** Opening MATERIAL TO PROCESS block **

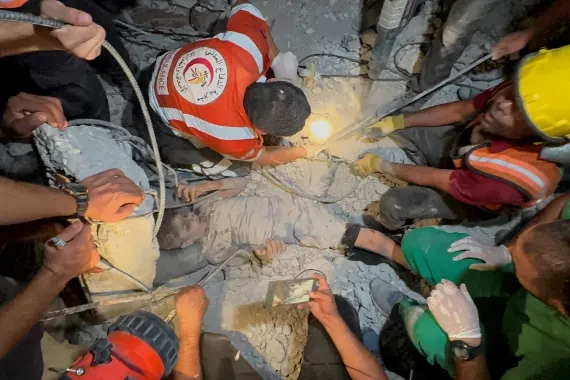 އިޒްރޭލުން ޣައްޒާ ގައި ހިންގާ ހަނގުރާމައިގެ ތެރޭގައި، 2024، ސެޕްޓެމްބަރު 12 ވަނަ ދުވަހު، ޣައްޒާ ސްޓްރިޕްގެ މެދުތެރޭގައި އޮންނަ ނުސައިރާތުގައި، އިސްރާއީލުގެ ހަމަލާއެއްގެ ސަބަބުން ވެއްޓިފައިވާ އިމާރާތެއ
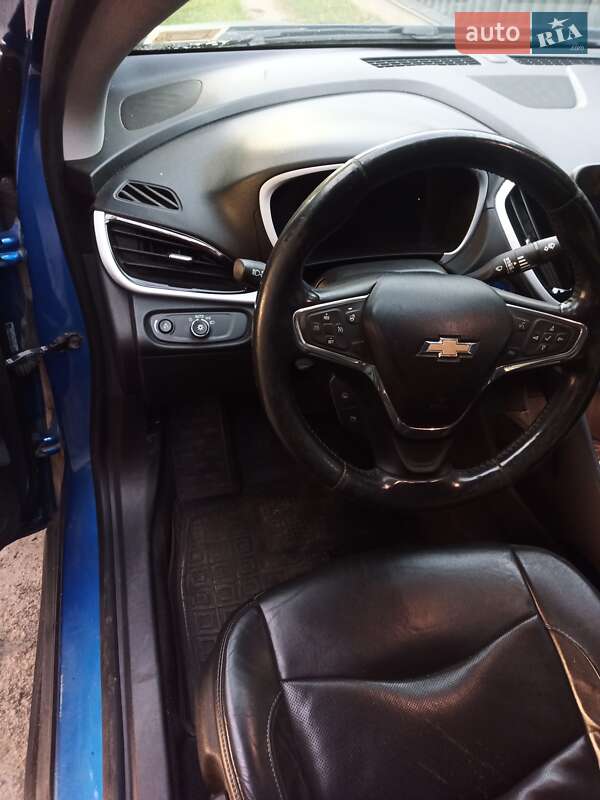 Хэтчбек Chevrolet Volt 2016 в Вараше
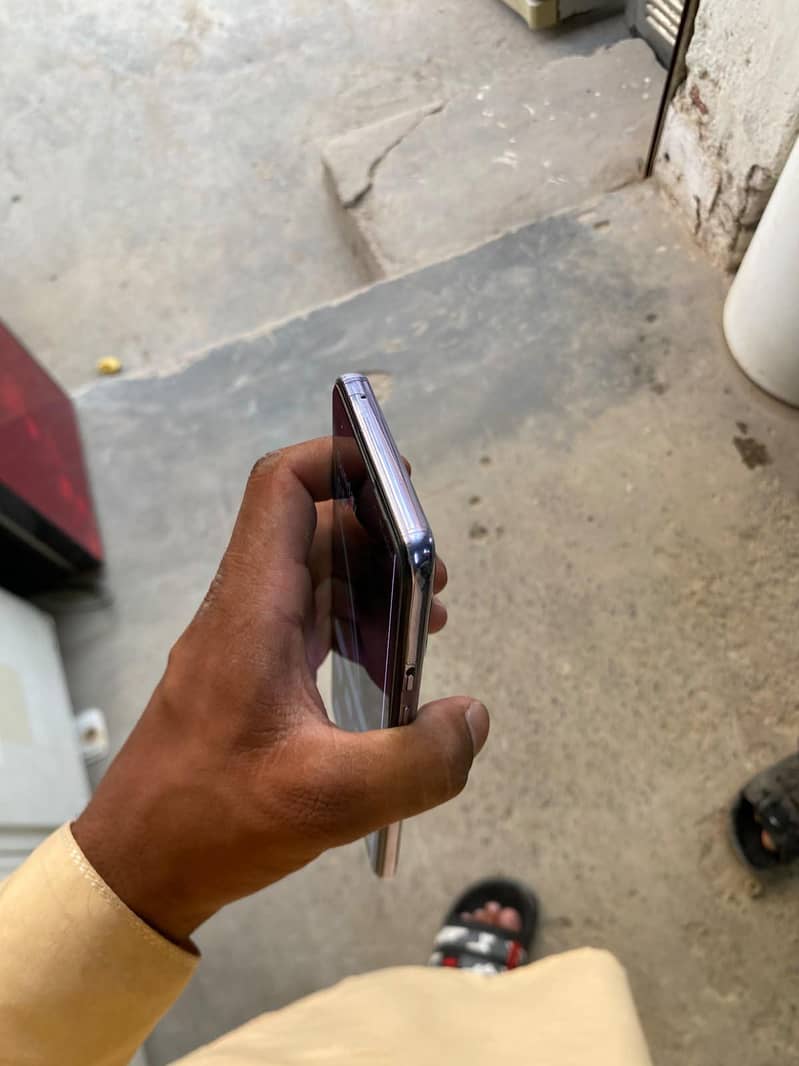 One Plus 9R 3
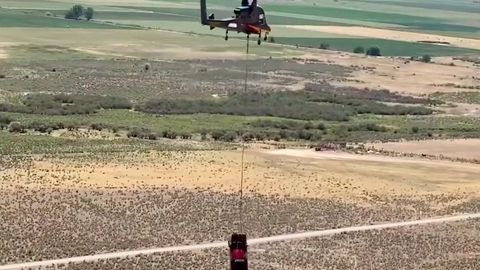 Video: Uch ming metr balandlikdan tashlab yuborilgan Toyota Hilux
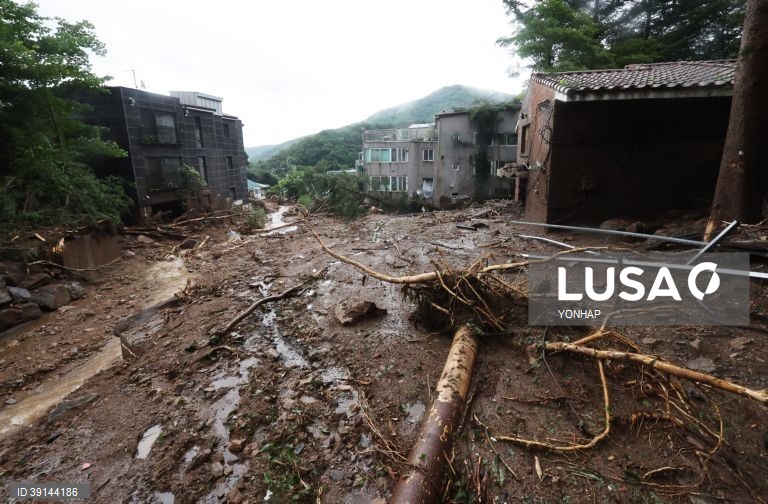 Cheias na Coreia do Sul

** Closing MATERIAL TO PROCESS block **

Make an exact copy of the records above, with the pictures left out.

• REPLY:
 އިޒްރޭލުން ޣައްޒާ ގައި ހިންގާ ހަނގުރާމައިގެ ތެރޭގައި، 2024، ސެޕްޓެމްބަރު 12 ވަނަ ދުވަހު، ޣައްޒާ ސްޓްރިޕްގެ މެދުތެރޭގައި އޮންނަ ނުސައިރާތުގައި، އިސްރާއީލުގެ ހަމަލާއެއްގެ ސަބަބުން ވެއްޓިފައިވާ އިމާރާތެއ
 Хэтчбек Chevrolet Volt 2016 в Вараше
 One Plus 9R 3
 Video: Uch ming metr balandlikdan tashlab yuborilgan Toyota Hilux
 Cheias na Coreia do Sul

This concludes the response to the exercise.